Silver Volt can be described as “music I don’t understand made up of sounds I absolutely love.” Lyrically sparse and sonically dense, the math/post-rock duo made up of Alex Woods (guitar) and Scott Balles (drums) spent the dark days of the pandemic really digging into the layers and scoring the complex arrangements of their debut EP.
At times majestically meticulous, while other times raw, gnarly and gross, the band worked in the studio with producer Chris Gilroy, where they really refined their sound, filling the sonic spectrum with live-loops, drum triggers, vocals, and effects pedals. Lead single “Ice Cream Man” probably veers closest to pop sensibility with a dope vocal line and sounds like a rad 8-bit Nintendo short-out just before you beat the boss.

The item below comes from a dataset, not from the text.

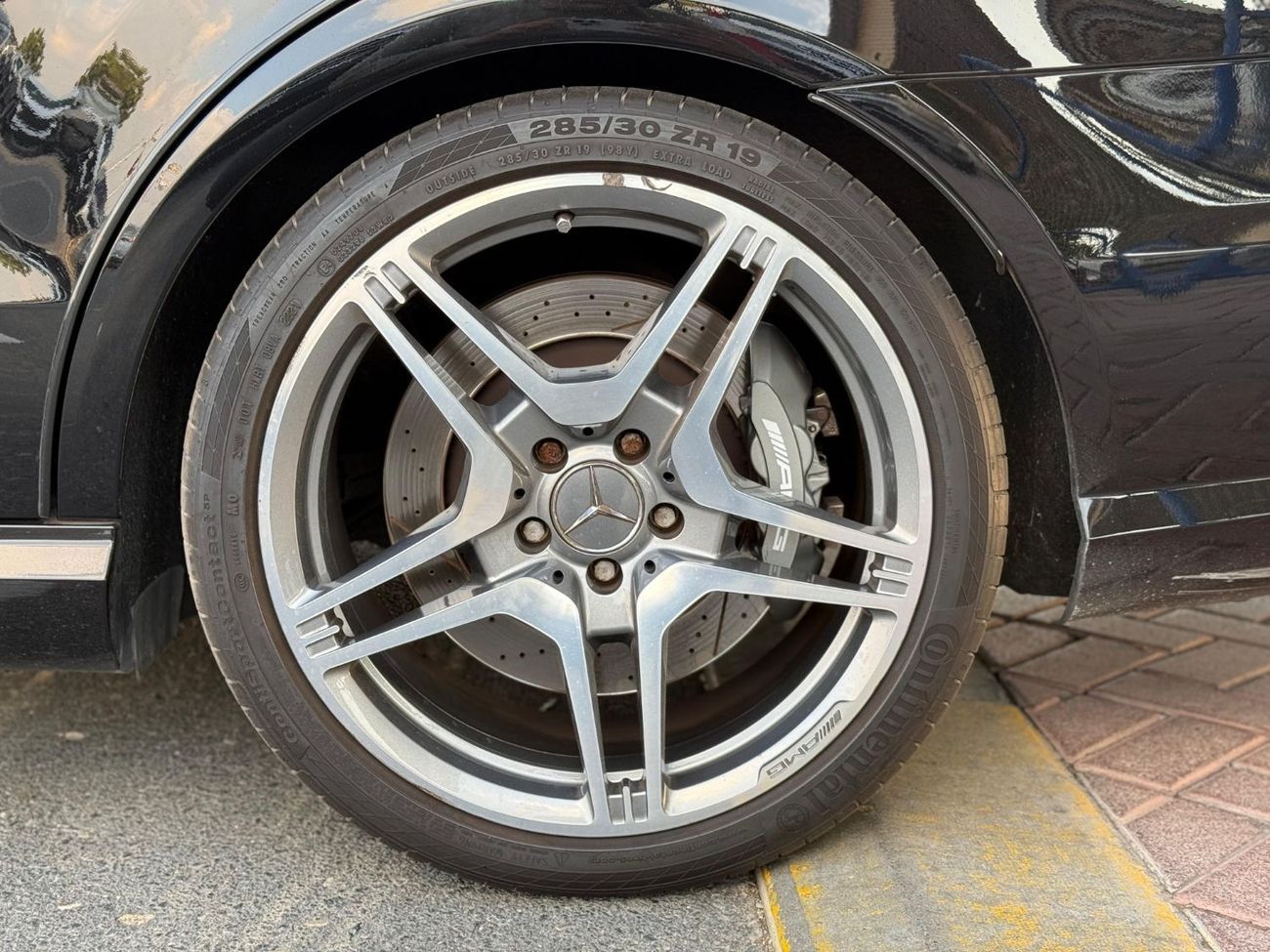 Mercedes-Benz E 63 AMG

But it’s the pile-driving ripper “Hot Shave” with its berserk overblown guitar riffs catching each and every crack of the drum snare, and the drunken fuzz stagger of “Perky Pat” that really grabbed my ear. Woods and Gilroy share a unique musical language of strange sounds, odd blips, and metallic clinks, and having played together in the equally mathy Reindeer Castle project, this is truly a product of couple of sound masters at work in the elements of their craft. I may not understand it, and definitely can’t count out the time signatures, but this old punk gives it two thumbs and four devil horns up.
Silver Volt is out now and available via Bandcamp and all major streamers.
Upon first bite, the barrage of percussive onslaught devouring itself from both ends of a sweet tooth, experimental noise-prog nerd punk duo, Gorgeous has a brand new record, and it’s sticky and gunky and jagged and perfectly broken. Out now via Sad Cactus Records, it deploys bigger, deeper distorted riffs this go-round, heavier bass elements with a more focused vocal intent than their previous releases. Graveled in its edges, it is visceral and organic in its execution without straying too far from the quirky charms and Helium-meets-Hella mathy swagger they do so well.
After two leading singles, the lumbering and ominous “Raindrop” (see our thoughts here) and “Elbow Stress Rash,” their ode to isolation-fueled anxiety and its physical manifestations, Dana Lipperman (guitar, vocals) and Judd Anderman (drums) have only begun to scratch the surface across the breadth and depths of this work. There’s an ebb and flow, a pulse throughout the album that inherently feels like a live performance. Parts of it are overblown and fuzzed out, while others slick and shiny.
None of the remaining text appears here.